* **Problem to work on**: Where a line contains "Toyota Corolla Touring", begin there and restate word for word every line to the end of the entries below, pictures excluded.

* **Records for the task**:
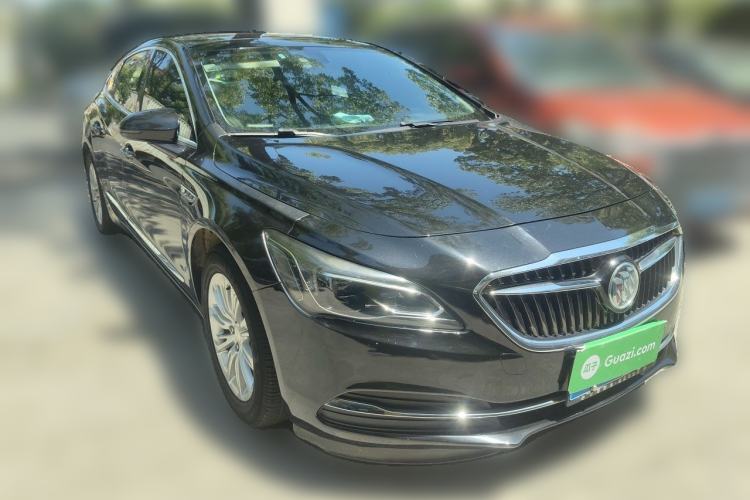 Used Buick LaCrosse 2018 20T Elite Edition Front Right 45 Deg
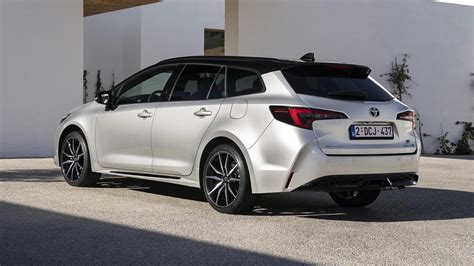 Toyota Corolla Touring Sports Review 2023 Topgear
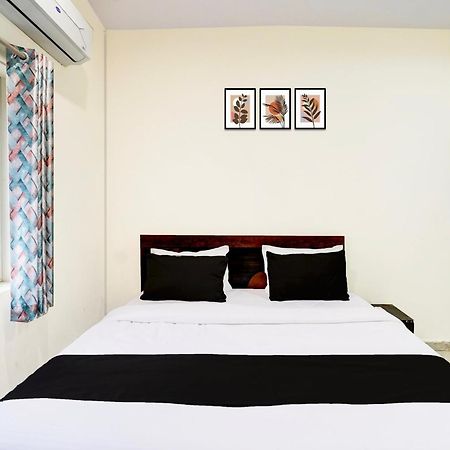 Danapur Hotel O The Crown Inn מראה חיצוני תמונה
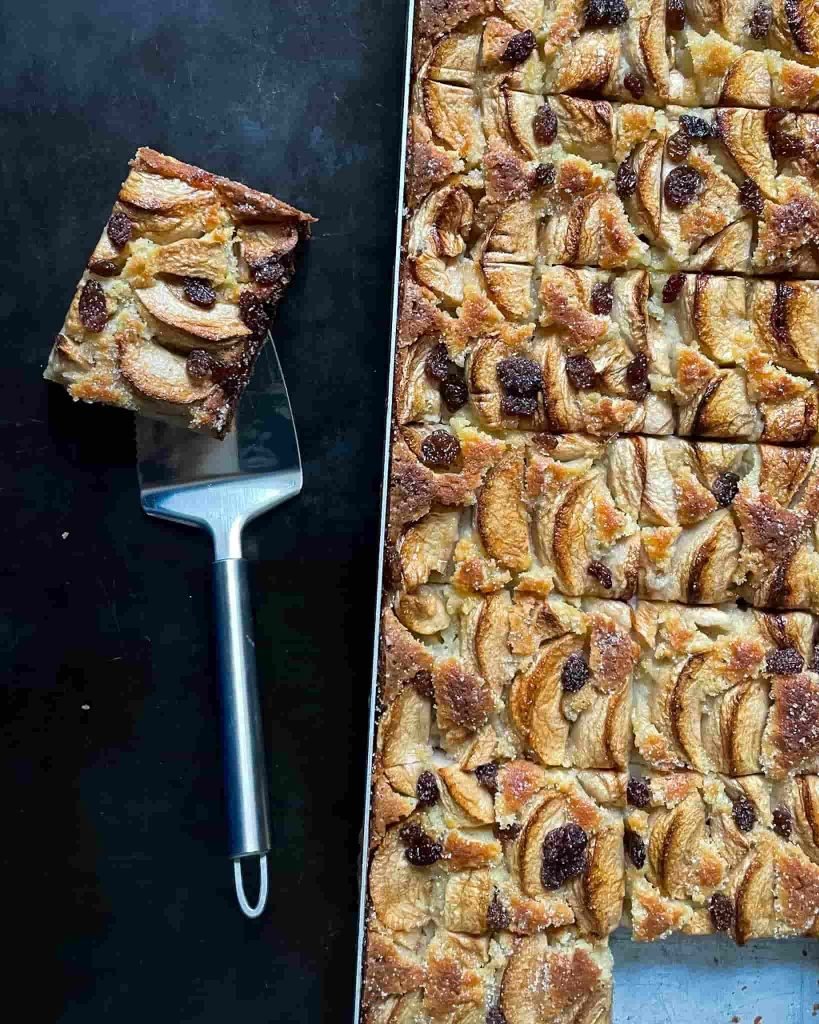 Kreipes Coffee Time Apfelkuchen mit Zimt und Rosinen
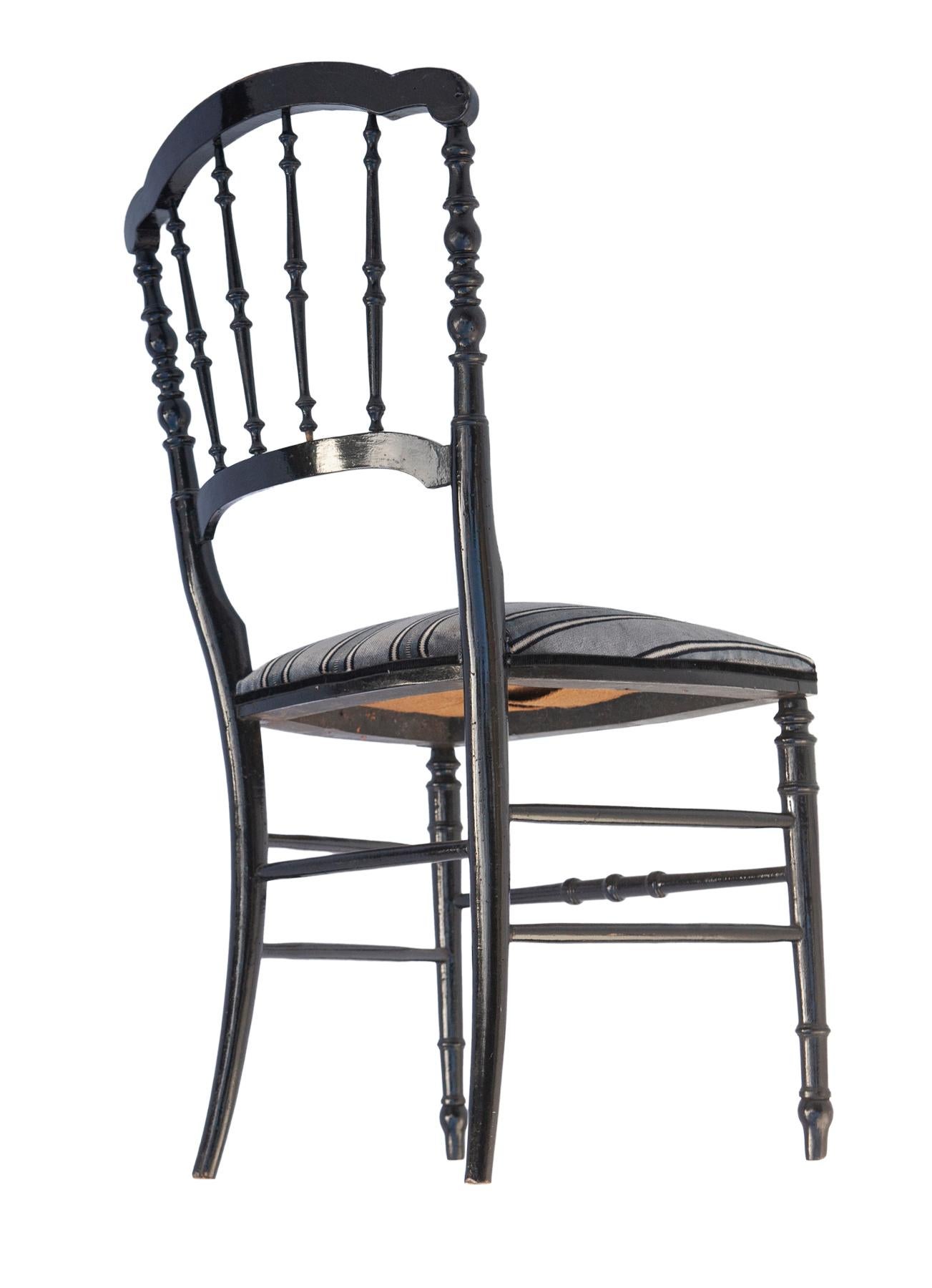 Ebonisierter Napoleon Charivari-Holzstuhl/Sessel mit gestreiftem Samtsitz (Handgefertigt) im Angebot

* **Your response**:
 Toyota Corolla Touring Sports Review 2023 Topgear
 Danapur Hotel O The Crown Inn מראה חיצוני תמונה
 Kreipes Coffee Time Apfelkuchen mit Zimt und Rosinen
 Ebonisierter Napoleon Charivari-Holzstuhl/Sessel mit gestreiftem Samtsitz (Handgefertigt) im Angebot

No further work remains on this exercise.